Do c++ templates make programs slow?

Asked 14/3, 2010 at 13:52 Answered 14/3, 2010 at 14:6

I have heard from many people that usage of templates make the code slow. Is it really true. I'm currently building a library. There are places where if templates are not created, it would result in code management problem. As of now I can think two solutions to this problem:

use #defines
Use templates and define all possible types in the header file/library itself but do not allow end user to make template instances.

e.g. typedef Graph<int> GraphI32; etc.

Is there anyway, to restrict user from creating various template instances on their own.

Help on above queries would be highly regarded.

Columbous answered 14/3, 2010 at 13:52 Comment(2)

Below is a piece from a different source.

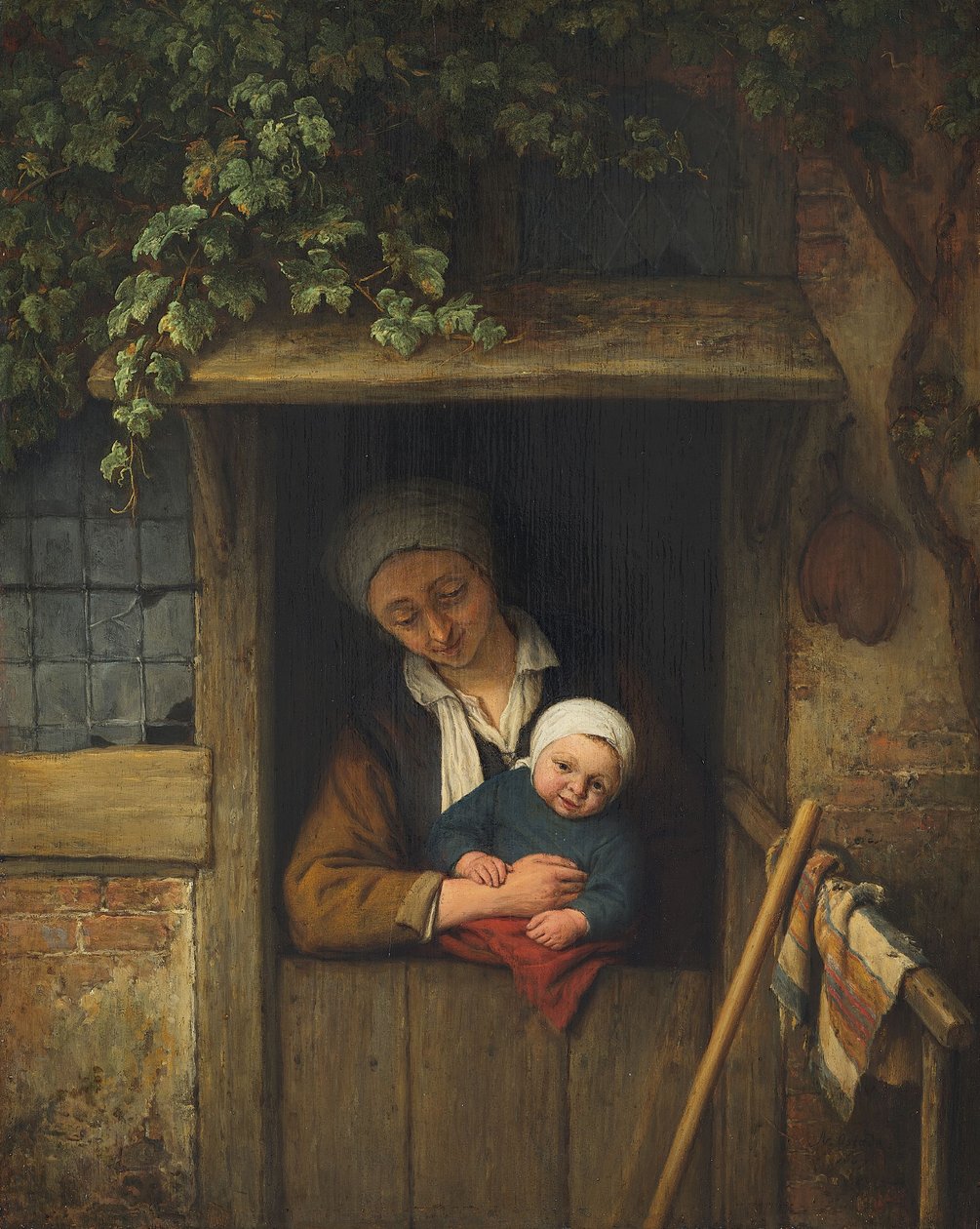 Mother with Child at the Door by Adriaen Jansz. van Ostade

How to reduce compile times: softwareengineering.stackexchange.com/questions/177546/… – Jinnyjinrikisha 8/10, 2019 at 11:2

Here's a logical follow-up question to this question about speed: Do C++ templates make programs large?. – Condition 22/4, 2020 at 4:36

The short answer is no. For the longer answer please read on.

As others have already noted, templates don't have a direct run-time penalty -- i.e. all their tricks happen at compile time. Indirectly, however, they can slow things down under a few circumstances. In particular, each instantiation of a template (normally) produces code that's separate and unique from other instantiations. Under a few circumstances, this can lead to slow execution, by simply producing enough object code that it no longer fits in the cache well.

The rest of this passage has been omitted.